Lochia: the timeline nobody draws on a chart
The bleeding after birth (called lochia) is your body shedding the uterine lining and clearing the placental wound. It moves through three predictable phases:
- Lochia rubra (days 1-4): bright red, heaviest. Like a menstrual cramp with more authority.
- Lochia serosa (days 5-10): pink-brown, thinner, less of it.
- Lochia alba (day 10 to week 6): yellowish-white, light. Sometimes pauses for a few days and comes back, normal.
Most mums see the colour shift from red to pink around day 7, and pink to yellow around day 14. Total bleed-time averages 3 to 6 weeks.
The hormone climb back
Day 3 is the cliff, estrogen and progesterone drop to about 1% of pregnancy levels. Then, slowly, they start climbing back up. By the end of week 4, most mums notice that:
- Sleep starts to consolidate (whatever the baby allows).
- Night sweats taper off, those were mostly estrogen-recovery sweats.
- The "weepy at adverts" feeling lifts.
- Skin, which felt like onion paper for two weeks, starts to behave.

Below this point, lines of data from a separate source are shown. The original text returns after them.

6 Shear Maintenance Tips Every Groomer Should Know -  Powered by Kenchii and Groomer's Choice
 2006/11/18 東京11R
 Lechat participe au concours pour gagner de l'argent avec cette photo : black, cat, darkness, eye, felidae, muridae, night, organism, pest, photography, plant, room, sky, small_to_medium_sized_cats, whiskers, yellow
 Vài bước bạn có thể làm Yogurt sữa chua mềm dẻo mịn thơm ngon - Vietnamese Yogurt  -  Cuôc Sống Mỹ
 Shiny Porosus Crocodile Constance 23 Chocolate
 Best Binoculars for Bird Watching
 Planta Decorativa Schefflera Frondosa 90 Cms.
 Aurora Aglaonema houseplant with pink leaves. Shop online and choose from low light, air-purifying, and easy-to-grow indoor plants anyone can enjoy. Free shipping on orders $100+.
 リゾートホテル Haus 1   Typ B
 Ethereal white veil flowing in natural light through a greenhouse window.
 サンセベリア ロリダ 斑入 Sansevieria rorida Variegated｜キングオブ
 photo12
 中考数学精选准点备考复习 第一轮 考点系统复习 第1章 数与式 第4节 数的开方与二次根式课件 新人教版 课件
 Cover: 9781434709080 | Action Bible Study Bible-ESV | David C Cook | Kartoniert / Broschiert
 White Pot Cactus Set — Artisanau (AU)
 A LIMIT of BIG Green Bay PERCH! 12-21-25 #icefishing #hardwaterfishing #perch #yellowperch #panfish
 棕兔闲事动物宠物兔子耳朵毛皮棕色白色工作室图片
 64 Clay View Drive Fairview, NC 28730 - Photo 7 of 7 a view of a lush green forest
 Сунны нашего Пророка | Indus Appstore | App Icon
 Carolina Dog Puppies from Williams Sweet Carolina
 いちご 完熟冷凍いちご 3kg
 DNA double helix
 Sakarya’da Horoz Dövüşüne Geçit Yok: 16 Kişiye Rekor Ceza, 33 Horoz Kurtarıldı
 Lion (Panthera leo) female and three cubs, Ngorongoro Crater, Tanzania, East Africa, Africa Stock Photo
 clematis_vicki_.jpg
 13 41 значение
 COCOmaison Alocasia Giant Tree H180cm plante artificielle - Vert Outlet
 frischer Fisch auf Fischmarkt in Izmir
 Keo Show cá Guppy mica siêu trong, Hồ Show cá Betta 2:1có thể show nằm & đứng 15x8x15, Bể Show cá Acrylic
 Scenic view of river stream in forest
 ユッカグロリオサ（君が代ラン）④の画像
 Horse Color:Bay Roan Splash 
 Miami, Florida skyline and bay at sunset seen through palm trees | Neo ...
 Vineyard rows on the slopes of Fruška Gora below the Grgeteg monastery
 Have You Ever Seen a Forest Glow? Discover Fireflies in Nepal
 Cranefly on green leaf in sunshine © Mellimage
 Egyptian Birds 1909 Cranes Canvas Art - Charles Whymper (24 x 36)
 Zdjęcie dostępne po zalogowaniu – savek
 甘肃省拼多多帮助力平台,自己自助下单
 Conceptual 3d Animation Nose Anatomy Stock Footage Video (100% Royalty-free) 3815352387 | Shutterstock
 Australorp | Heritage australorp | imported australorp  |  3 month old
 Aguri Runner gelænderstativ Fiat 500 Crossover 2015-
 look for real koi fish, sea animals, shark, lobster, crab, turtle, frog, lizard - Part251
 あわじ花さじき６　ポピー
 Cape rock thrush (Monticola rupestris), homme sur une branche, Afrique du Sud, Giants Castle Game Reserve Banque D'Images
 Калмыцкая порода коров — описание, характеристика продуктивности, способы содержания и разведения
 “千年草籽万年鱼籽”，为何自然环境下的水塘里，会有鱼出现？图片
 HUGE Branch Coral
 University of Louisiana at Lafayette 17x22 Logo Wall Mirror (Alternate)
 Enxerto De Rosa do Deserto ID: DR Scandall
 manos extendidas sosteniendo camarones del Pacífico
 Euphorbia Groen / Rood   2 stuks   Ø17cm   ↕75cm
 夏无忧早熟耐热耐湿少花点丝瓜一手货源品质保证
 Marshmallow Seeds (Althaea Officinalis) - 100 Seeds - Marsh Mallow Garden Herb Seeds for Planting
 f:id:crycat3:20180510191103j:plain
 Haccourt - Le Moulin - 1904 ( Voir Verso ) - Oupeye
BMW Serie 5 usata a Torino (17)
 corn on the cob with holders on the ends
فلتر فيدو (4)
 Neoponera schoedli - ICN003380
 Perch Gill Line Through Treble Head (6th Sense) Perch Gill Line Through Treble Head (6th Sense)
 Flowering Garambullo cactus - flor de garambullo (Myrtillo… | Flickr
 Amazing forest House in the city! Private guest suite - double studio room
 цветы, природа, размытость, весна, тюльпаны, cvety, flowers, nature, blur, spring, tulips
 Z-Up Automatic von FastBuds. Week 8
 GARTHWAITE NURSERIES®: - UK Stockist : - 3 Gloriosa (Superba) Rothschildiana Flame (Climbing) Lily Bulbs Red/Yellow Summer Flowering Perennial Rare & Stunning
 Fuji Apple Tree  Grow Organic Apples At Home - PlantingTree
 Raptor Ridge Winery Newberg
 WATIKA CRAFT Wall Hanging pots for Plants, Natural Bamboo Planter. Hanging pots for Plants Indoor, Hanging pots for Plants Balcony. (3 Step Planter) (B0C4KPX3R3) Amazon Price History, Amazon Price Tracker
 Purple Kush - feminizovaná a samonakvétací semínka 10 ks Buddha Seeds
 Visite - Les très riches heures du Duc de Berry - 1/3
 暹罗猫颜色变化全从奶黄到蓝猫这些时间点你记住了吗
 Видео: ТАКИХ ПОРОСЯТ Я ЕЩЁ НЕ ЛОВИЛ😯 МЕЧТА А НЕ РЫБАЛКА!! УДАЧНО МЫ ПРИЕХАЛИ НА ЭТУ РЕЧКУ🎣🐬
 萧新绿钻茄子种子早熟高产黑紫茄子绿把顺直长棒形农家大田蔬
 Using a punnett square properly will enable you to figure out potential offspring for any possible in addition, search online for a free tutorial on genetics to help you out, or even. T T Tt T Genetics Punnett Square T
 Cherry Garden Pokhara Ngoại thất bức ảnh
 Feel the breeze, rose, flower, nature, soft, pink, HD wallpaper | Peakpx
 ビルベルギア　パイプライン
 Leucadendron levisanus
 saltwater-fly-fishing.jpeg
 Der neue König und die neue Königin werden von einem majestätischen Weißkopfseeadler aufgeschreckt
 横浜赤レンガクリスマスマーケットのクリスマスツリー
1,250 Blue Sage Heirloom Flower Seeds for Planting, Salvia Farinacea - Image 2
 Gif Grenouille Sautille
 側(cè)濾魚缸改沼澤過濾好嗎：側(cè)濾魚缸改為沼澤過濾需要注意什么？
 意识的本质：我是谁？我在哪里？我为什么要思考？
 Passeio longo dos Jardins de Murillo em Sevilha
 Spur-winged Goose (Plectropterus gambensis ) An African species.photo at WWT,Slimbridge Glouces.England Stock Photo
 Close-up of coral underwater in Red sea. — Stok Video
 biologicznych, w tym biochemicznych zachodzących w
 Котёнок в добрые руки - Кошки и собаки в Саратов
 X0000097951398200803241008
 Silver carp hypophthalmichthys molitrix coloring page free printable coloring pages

If you're not breastfeeding, your cycle can return as early as week 6. If you are, prolactin keeps ovulation suppressed for variable months. Keep contraception in the conversation either way.
Why "warm food, no cold water" actually has a logic
Your body in the first 28 days is in a thermoregulatory mess. Estrogen kept you slightly warmer than baseline for nine months; with estrogen gone, you swing colder. Add ~700ml a day going to breastmilk, and your core temperature is fragile.
So the instinct of warm food and warm drinks isn't superstition, it's energy economy. Cold liquids force your body to spend calories rewarming them; warm liquids don't. "No cold water" really translates to "don't tax a tired system." Warm is just gentler this month.
The honest part, 28 days is the floor, not the ceiling
Here's what 28 days won't finish.
- Pelvic floor. Most mums have measurable weakness past 6 weeks; the muscle takes around 12 weeks of targeted work to feel reliable again.
- Diastasis recti. The gap between your abdominal muscles closes naturally for some, stays partly open for others. Either way, rehab is months, not weeks.
- Identity. Nobody finishes this in 28 days, or in 28 weeks. That's not a failure, that's the actual size of the change.
The 28-day window is a foundation. You stop bleeding, your uterus comes home, your hormones start their slow recovery, and your nervous system gets one solid month of warm food and somebody else doing the washing. Use the 28 days as a sprint and crash back into your old schedule on day 29, you'll feel it in month three.
One lunar month, then. Not a magic number. Just a sensible one, borrowed from the sky, confirmed by the body.